Nun beginnt praktisch die Handlung. Am Anfang leiten die Erzengel das Gespräch zwischen Mephistopheles (=Teufel , Mephisto) und Gott ein. Mephisto erklärt, dass die Menschen schlecht und unvernünftig seien: \"Er nennt\'s Vernunft und braucht\'s allein, nur tierischer als jedes Tier zu sein.\"
Gott (der Herr) ist etwas genervt und fragt Mephisto, ob man ihm denn nichts rechtmachen könne. Der antwortet, die Menschen wären schon so schlecht dran, dass er ihnen garnichts mehr tuen wolle.
Nun bringt Gott Faust ins Spiel, seinen \"Knecht\". Mephisto bemerkt, dass auch Faust nicht glücklich sei und immer mehr wolle. Gott erwidert, er werde Faust bald \"in die Klarheit führen\". Mephisto meint nun, er könne auch diesen Faust vom rechten Wege abbringen, wenn Gott es erlaube. Gott erlaubt es, denn \"es irrt der Mensch, solang er strebt.\" Die beiden schließen eine Wette ab, bei der Mephisto triumphieren und Faust zerstören darf, wenn er gewinnt.
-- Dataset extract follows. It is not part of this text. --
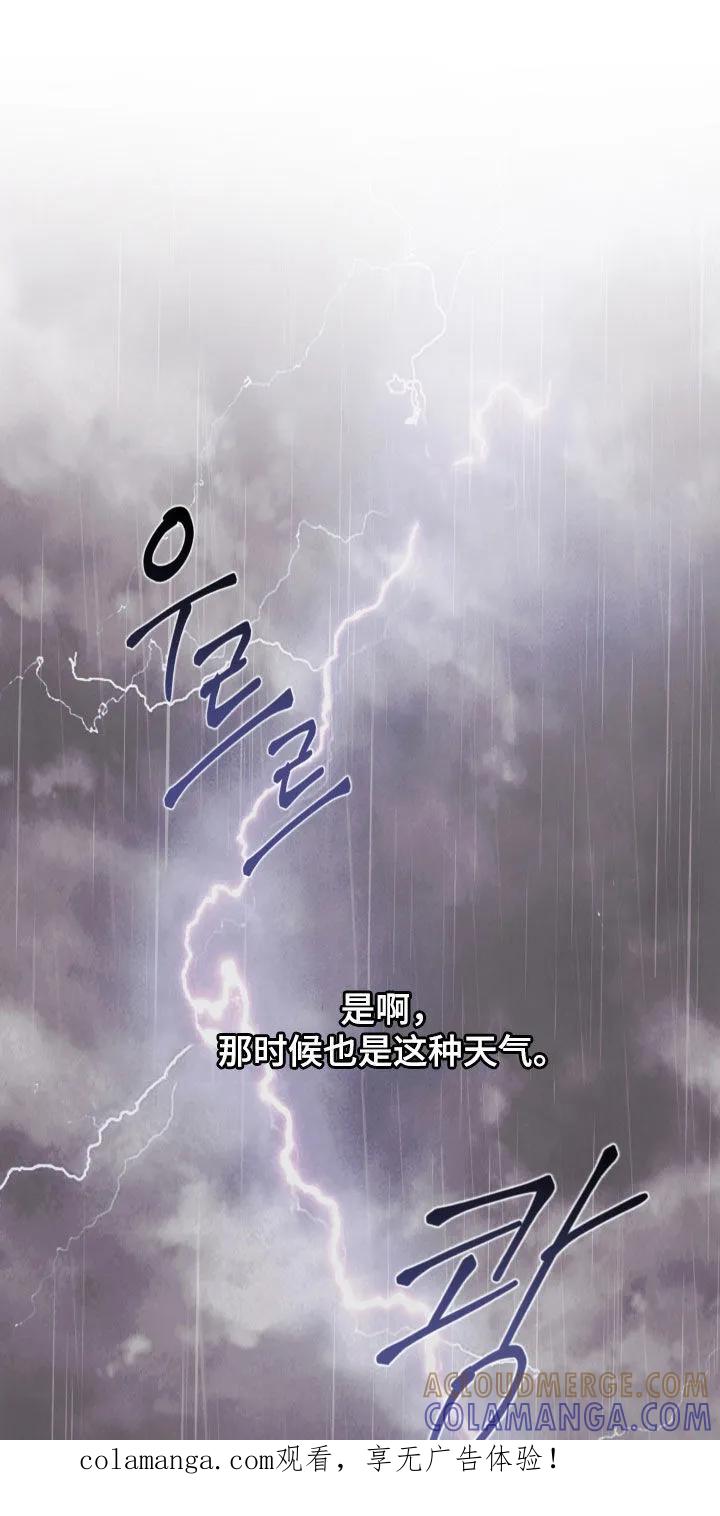 《致命咨询》第135章：【第三季】执念 第1页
Es fällt auf, dass Gott und der Teufel recht gut miteinander auskommen und man eigentlich keine Feindschaft erkennen kann, wie man eigentlich annehmen würde. Auch hat der Teufel Respekt vor Gott und erfragt dessen Erlaubnis. Mit dem normalen christlichen Glauben stimmt - mal abgesehen von der Existenz des Teufels - auch nicht überein, dass Gott einen scheinbar treuen Christen einfach in die Hände des Teufels übergibt. Aber Hiob wurde von Gott ja quasi auch zerstört...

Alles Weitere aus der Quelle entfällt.